Unlike fusion languages, agglutinative languages define a GrammaticalFunction enum that describes the role of each morpheme.

#[derive(
    Debug,
    Clone,
    PartialEq,
    Serialize,
    Deserialize,
    schemars::JsonSchema,
    panini_macro::AggregableFields,
    panini_macro::GrammaticalFunctionCatalog,
)]
#[serde(tag = "category", rename_all = "snake_case")]
pub enum TurkishGrammaticalFunction {
    Case { value: TurkishCase },
    Tense { value: TurkishTense },
    Polarity { value: TurkishPolarity },
    Agreement { person: Person, number: BinaryNumber },
    Possessive { person: Person, number: BinaryNumber },
    Derivation { value: TurkishDerivation },
}

#[derive(GrammaticalFunctionCatalog)] generates curated-pivot handles for each function category:

TurkishGrammaticalFunction::PIVOT_CASE;
TurkishGrammaticalFunction::PIVOT_TENSE;
TurkishGrammaticalFunction::PIVOT_POLARITY;

For single-field variants, the pivot is closed when the field type implements ClosedValues and open when it is a String. For multi-field variants such as Agreement { person, number }, the generated pivot key represents that function category and extracts a combined value only from matching Agreement morphemes.

2. Morpheme Inventory

Define a static list of MorphemeDefinition. These morphemes map archiphonemes to grammatical functions.

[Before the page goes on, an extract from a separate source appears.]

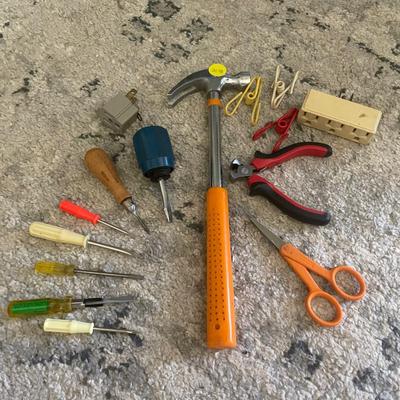 Small tool assortment with hammer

type P = TurkishMorphologyPosTag; // Generated by MorphologyInfo
type F = TurkishGrammaticalFunction;

static TURKISH_MORPHEMES: &[MorphemeDefinition<F, P>] = &[
    // Plural suffix: "lAr" is the archiphoneme (handles -lar and -ler)
    MorphemeDefinition { 
        base_form: "lAr", 
        functions: &[F::Agreement { person: Person::Third, number: BinaryNumber::Plural }], 
        applies_to: &[P::Noun, P::Verb, P::ProperNoun] 
    },
    // Case suffix: "(y)A" (handles -a and -e with linking consonant)
    MorphemeDefinition { 
        base_form: "(y)A", 
        functions: &[F::Case { value: TurkishCase::Dative }], 
        applies_to: &[P::Noun, P::Pronoun] 
    },
];

🤖 Interaction with the LLM

To help the AI know which morphemes to extract, Pāṇini dynamically injects your inventory into the prompt via extra_extraction_directives().

Dynamic Directives

By using extra_extraction_directives(), you ensure that the LLM only uses base_forms that your code can technically recognize.


🪄 Post-processing and Enrichment

Sometimes the LLM response needs additional verification or static label injection. Use post_process_extraction to modify the result after parsing.

impl LinguisticDefinition for Turkish {
    // ...
    const MORPHEME_PIVOTS: &'static [PivotField<Self::GrammaticalFunction>] = &[
        TurkishGrammaticalFunction::PIVOT_POLARITY,
        TurkishGrammaticalFunction::PIVOT_TENSE,
        TurkishGrammaticalFunction::PIVOT_CASE,
    ];

    fn post_process_extraction(
        &self,
        segmentation: &mut Option<Vec<WordSegmentation<Self::GrammaticalFunction>>>,
    ) -> Result<(), String> {
        if let Some(segs) = segmentation {
            for seg in segs {
                // Example: Automatically enrich morphemes
                for morph in &mut seg.morphemes {
                    if morph.base_form == "CI" {
                        // Agentive suffix "-cı/-ci/-cu/-cü"
                        // Custom enrichment logic here...
                    }
                }
            }
        }
        Ok(())
    }
}

Morpheme pivots are opt-in. Non-agglutinative languages normally keep type GrammaticalFunction = () and do not declare MORPHEME_PIVOTS.